Once I’m finally back and into bed, I sweat out all my sleepiness in about ten minutes. My body’s a horse led to water. I realize if I don’t get to sleep I will lose my fucking mind.  I get up and go sit at the dining table with Dave and Dylan and some of the trainers; they offer me a glass of beer and after six months sober I don’t hesitate.  This is when I hear the story about Dave and Dylan and the prostitutes.  I’m back in bed about forty minutes later, and I manage about five or six hours sleep night.  Things start getting better after that.

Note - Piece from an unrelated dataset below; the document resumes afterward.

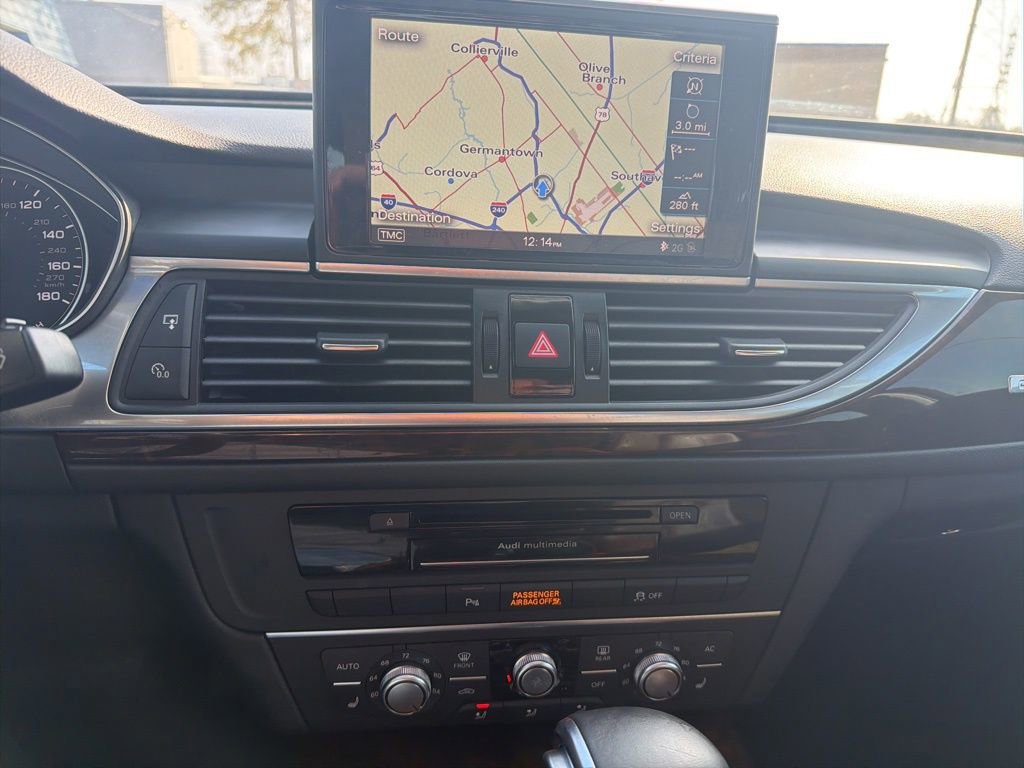 Used 2012 Audi A6 3.0T Premium Plus image 17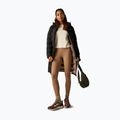 Dámský zateplený kabát REGATTA Altoro Thermal Long black/mocha 4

The next night I go to the movies.  I see “From Paris With Love,” which is a Luc Besson-produced piece of shit, French-financed and full of cynical French-baiting for its dumb American audience (just like its predecessor, “Taken”) and starring John Travolta as a fat ten-year old’s notion of a badass.  But the cinema is a velour-upholstered jukebox-come-cathedral made even more fantastic for being set atop the Siam Paragon Center—a pretentious white-on-white faux Guggenheim with a Hermes outlet and a Lambourgini dealership—like a ringpop on a wedding cake.  The screens are IMAX huge.  They play lite-jazz versions of songs that were pretty fucking lite to begin with: “been around the world and I I I…”  You pick out your seat when you buy your ticket, which is great for me because I get stressed out if I can’t sit dead center.  The national anthem starts up after the previews, and the screen bids the audience to stand and to sing along if it wishes.  Then it goes into a karaoke-style montage of Thai citizens enjoying life and being great parents.  You can get soda in a big bear-shaped cup.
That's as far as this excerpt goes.